Statcounter, which is based in Ireland, has a slightly different set of figures, although they also point to Chrome having displaced Firefox.
Figures from the firm’s research arm, StatCounter Global Stats, indicate that IE has nearly 41 percent of the market, Chrome nearly 26 percent, and Firefox just over 25 percent.
Most arrestingly, Statcounter’s figures show that Chrome more than quintupled its market share year over year, from nearly 5 percent in November 2010 to the approximately 26 percent last month.
Statcounter measures actual browser usage, not downloads. Its results are based on the more than 15 billion hits per month worldwide on more than 3 million sites that have installed its tracking code.
Hunting Down the Firefox
A lot of people used to migrate from IE to Firefox, and now the migration is from Firefox to Google Chrome, Gartner’s Smith said.
“There was a period of three to four years when Mozilla didn’t come out with a lot of releases for Firefox, but Chrome was coming out with one every few months,” Smith pointed out.
“Now I think Mozilla’s trying to overcompensate, but people’s perceptions are fixed in considering that Google’s the faster innovator and does other things that people care about,” Smith added.
Google Knows Marketing?
Another reason for the Chrome browser’s success could be that Google, which has long been perceived as lacking marketing skills, appears to have improved in this area.
“The biggest boost [for the Chrome browser] has been from all the advertising it does on television and on its Web properties and even to Firefox users,” Kaply told the E-Commerce Times.

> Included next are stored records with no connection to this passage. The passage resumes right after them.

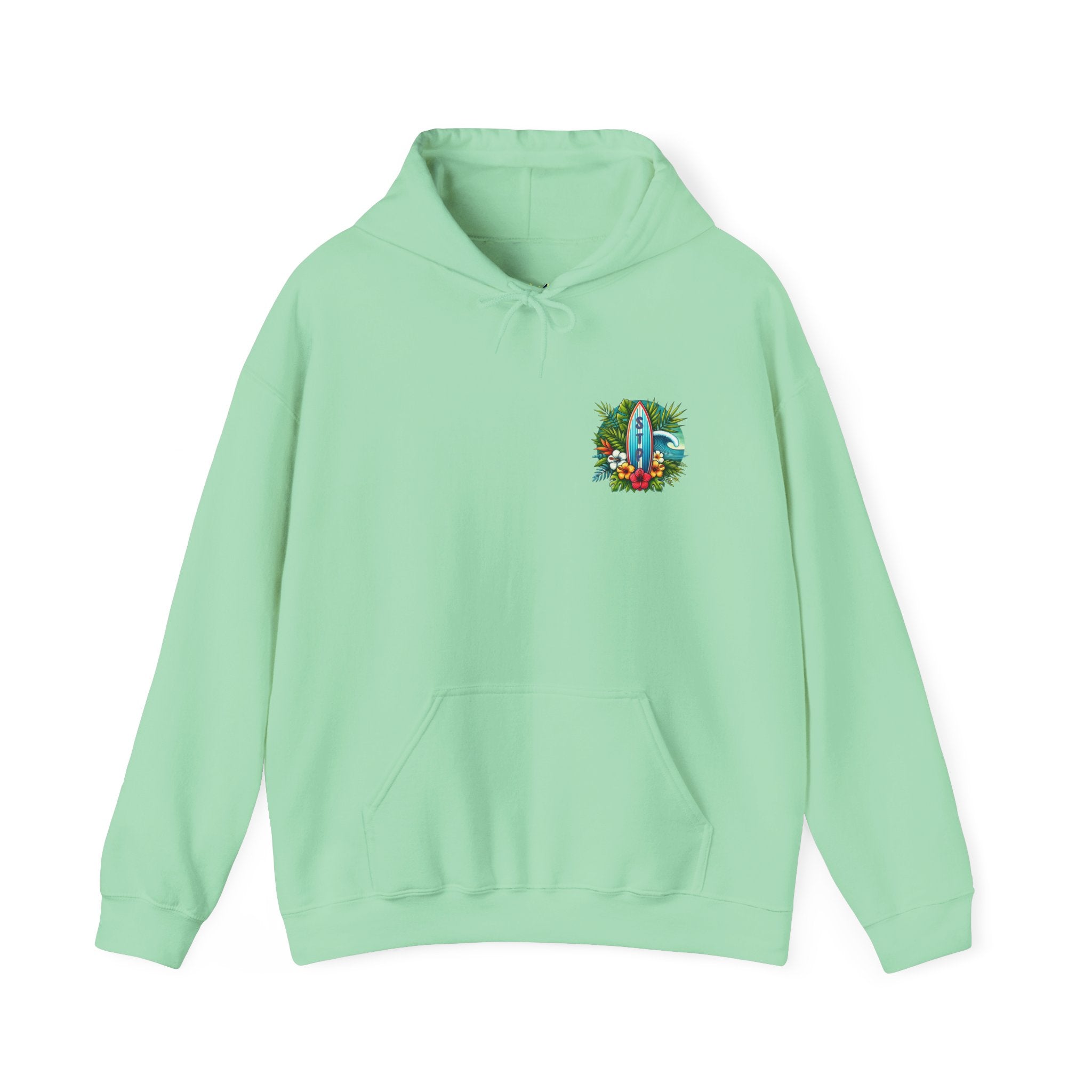 Surfboard Design Hoodie – Unisex Tropical Flower Cotton-Blend Sweatshirt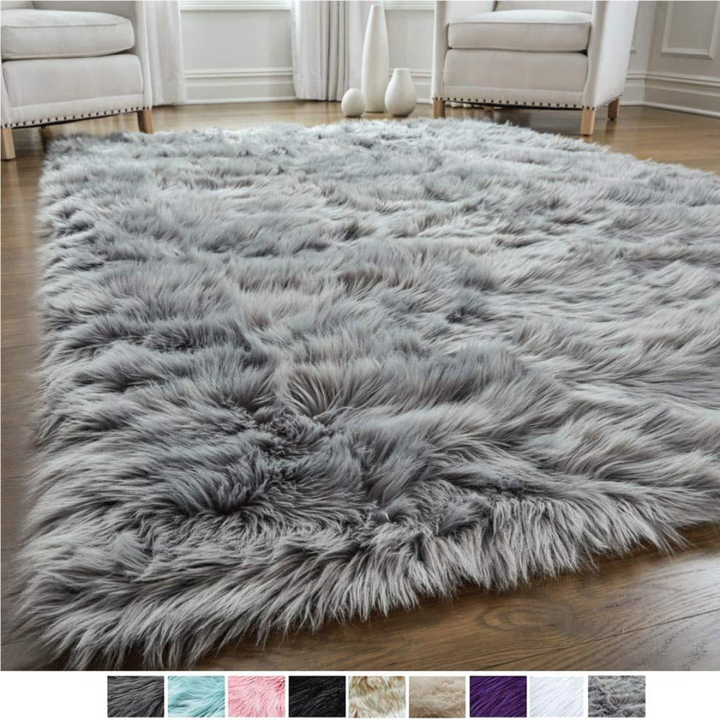 Luxurious shaggy faux wool area rug, cream, adding warmth to home decor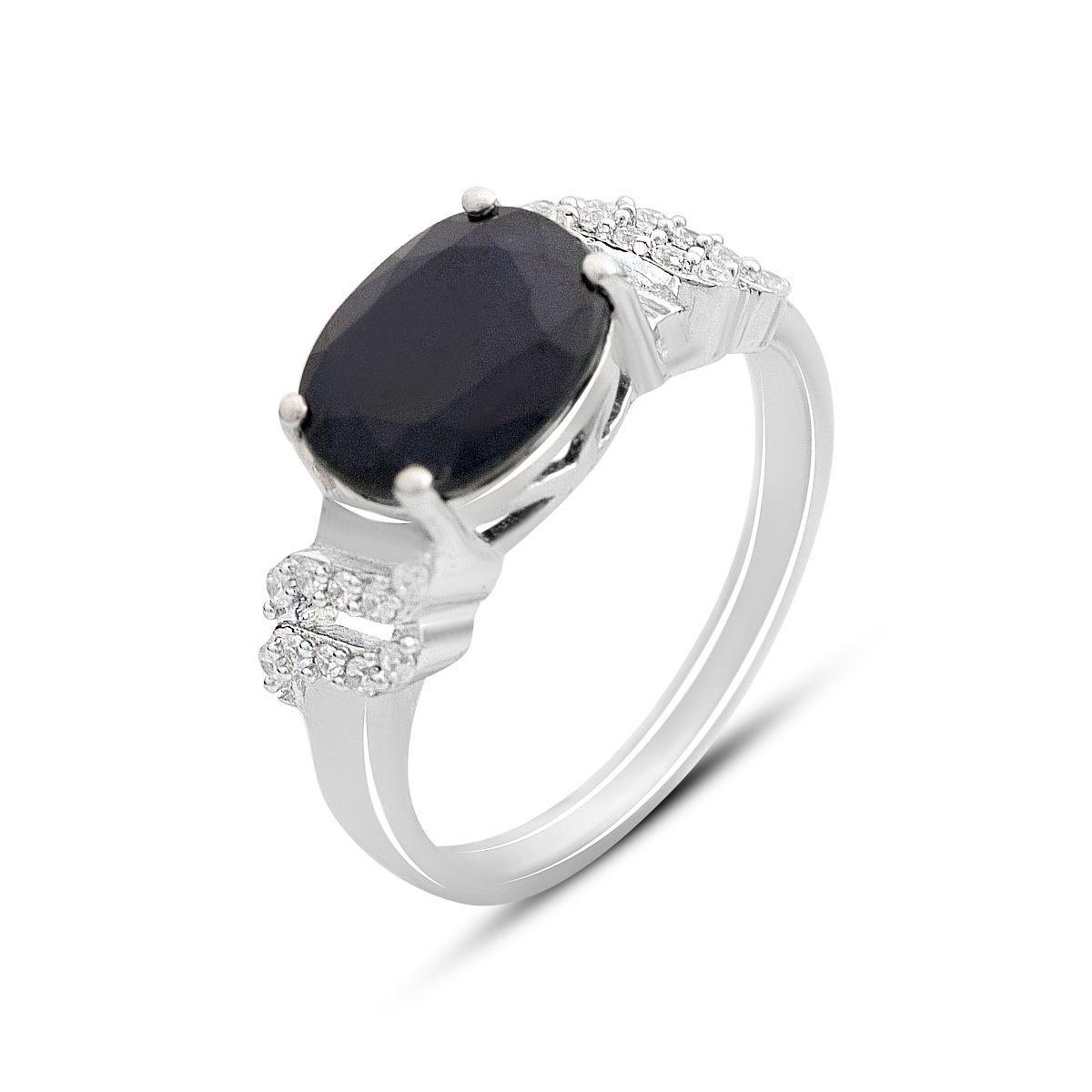 Срібне кільце Proba з натуральним сапфіром 3.507ct, фіанітами, вага виробу 3,33 г (2162667) 17.5 розмір, фото 1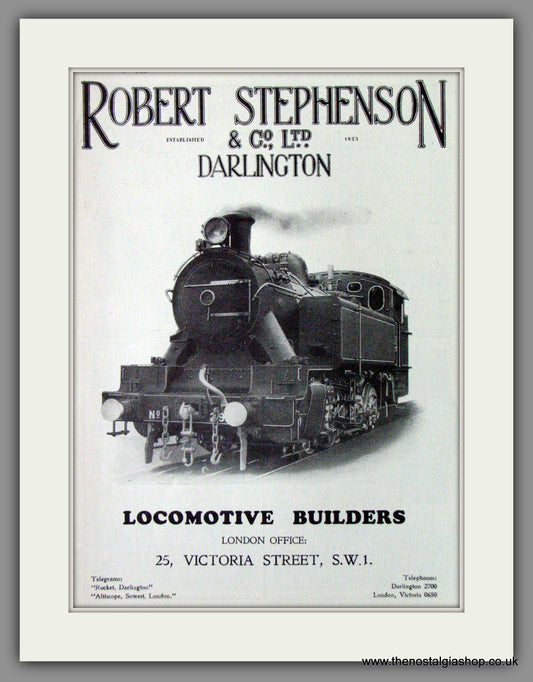 Robert Stephenson Locomotive Engineers. Original Advert 1933 (ref AD53208)
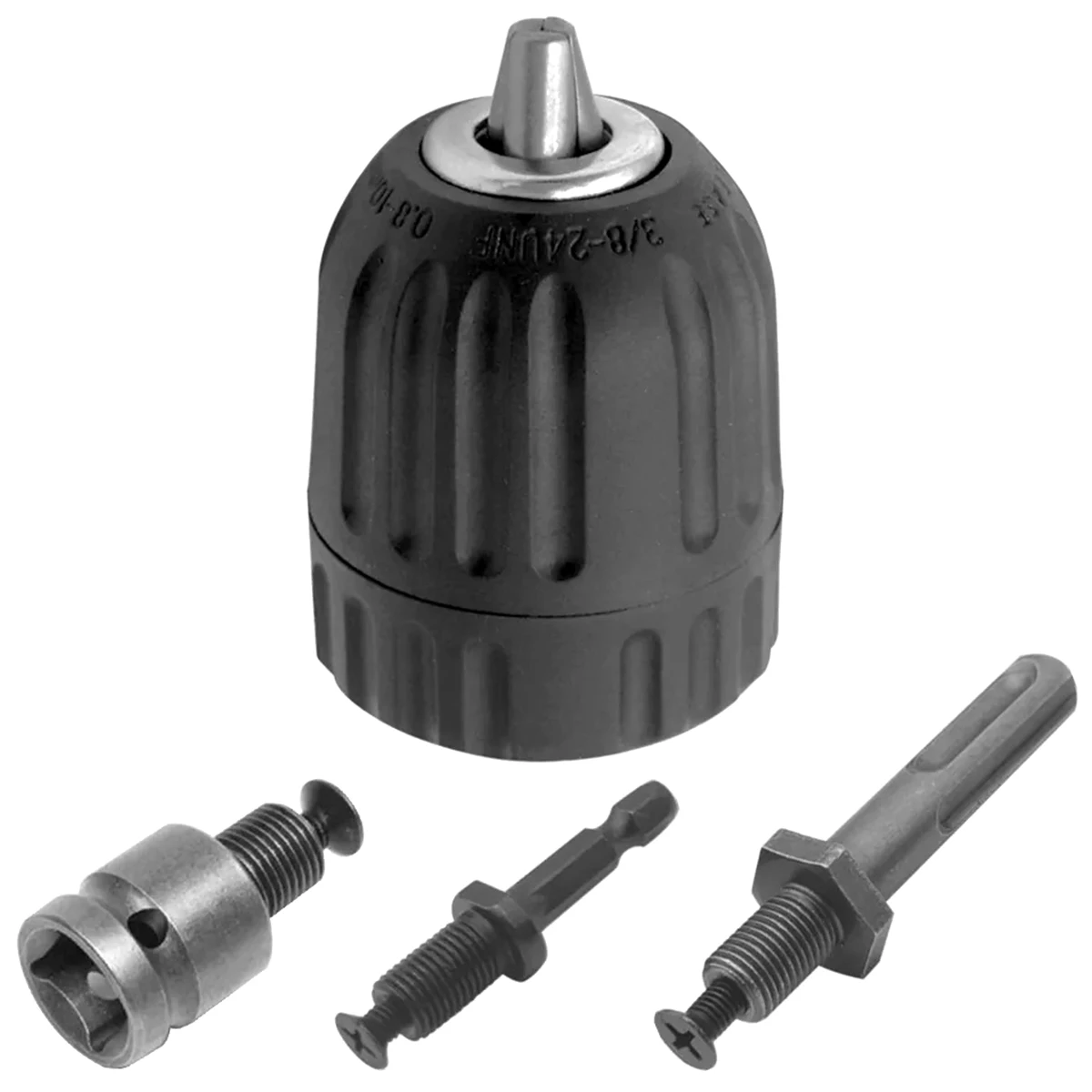 

4Pcs Drill Chuck Metal 3/8-24UNF Drill Chuck 0.8-10mm Self-tighten Keyless Chuck Quick Change Drill Bit Adapter Hardware Tool fo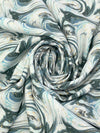 Penguin White/Cerulean Frost/Dark Slate 100% Recycled Viscose Paint Swirl Print Shirt Weight Woven - Ecoliva - 58W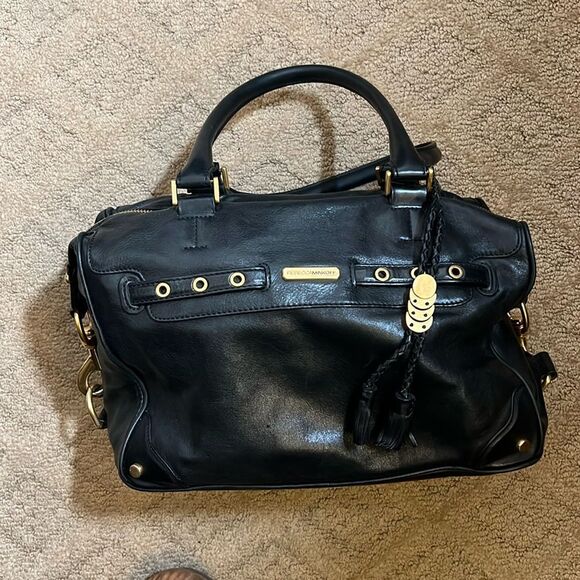 Rebecca Minkoff Black Leather Satchel | Pre-Loved | Wear on Handles - Picture 1 of 8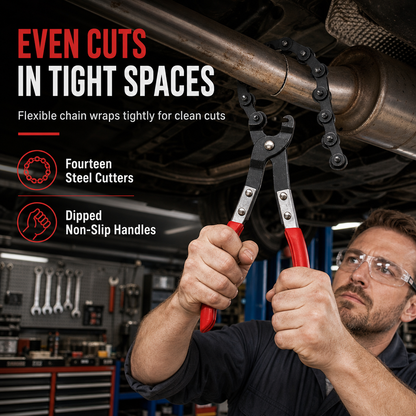 🔧 Car Exhaust Pipe Chain Cutter: Carbon Steel, High Leverage, Comfort Grip, Tight Spaces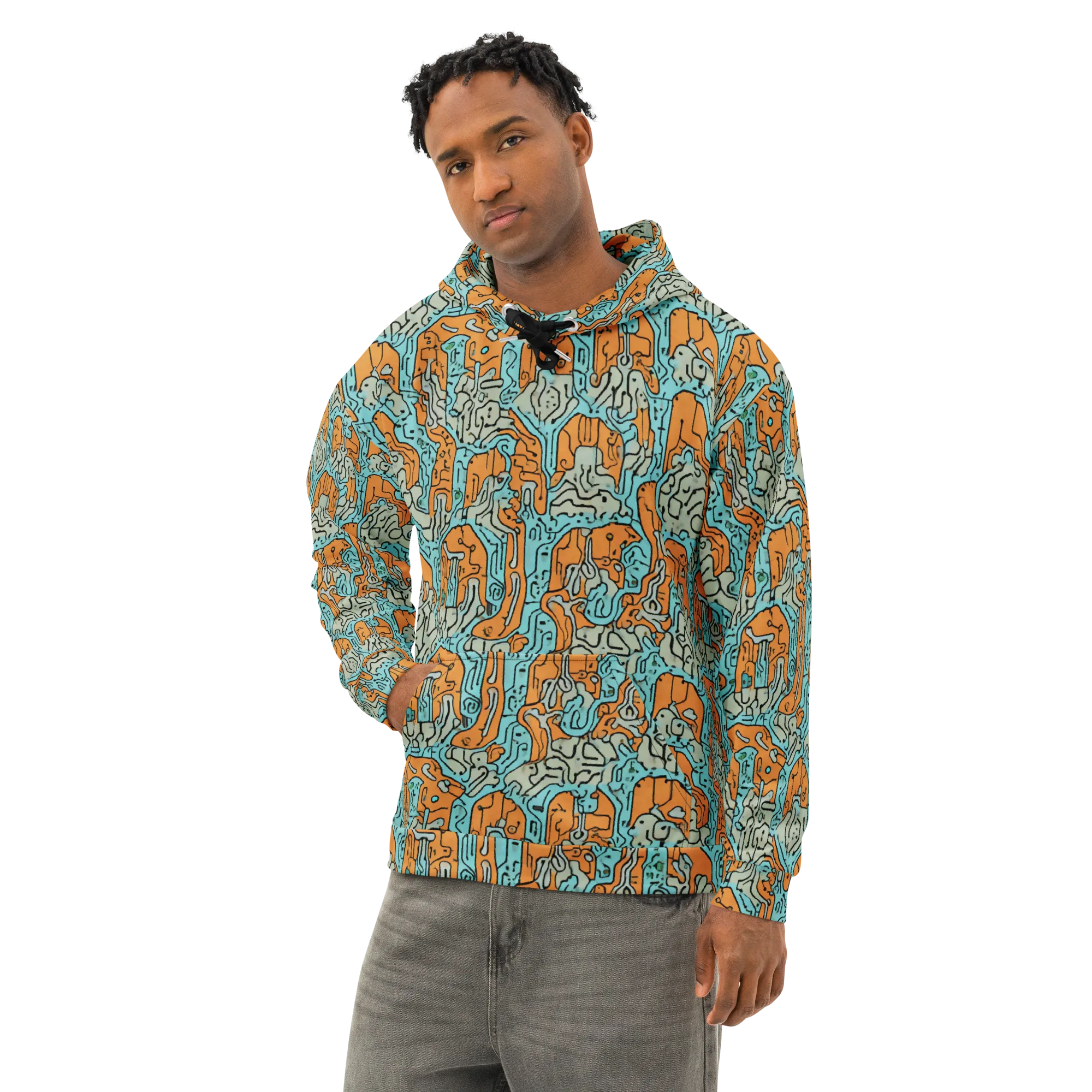 Tangerine Circuit on Cotton Hoodie — Left Front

“Plus, Google has preload deals with Sony and others,” Kaply continued. “I think it’s leveraging the incredible market share it has to get people to use a different browser. If it put the same energy behind another browser, it would be just as successful.”
What About IE?
Although Microsoft’s venerable Internet Explorer browser is still dominant, it has been hemorrhaging market share for years.
“IE is actually a really strong product, it’s just being under-protected by Microsoft at the moment,” Enderle said.
“Steve Ballmer tends to starve his [product] groups and, as long as that continues, Microsoft is likely to continue to bleed [market] share,” Enderle added.
“Microsoft and the IE team don’t do a good job of grabbing mind share around their browser,” Kaply suggested.
While Firefox and Chrome “make sure they’re out there in the press and on the Web, letting people know what they’re doing,” with IE it “seems like information ebbs and flows around Microsoft developer conferences,” Kaply added.
Microsoft “needs to do more to be in people’s faces and let them know why it believes IE is a better browser,” Kaply concluded.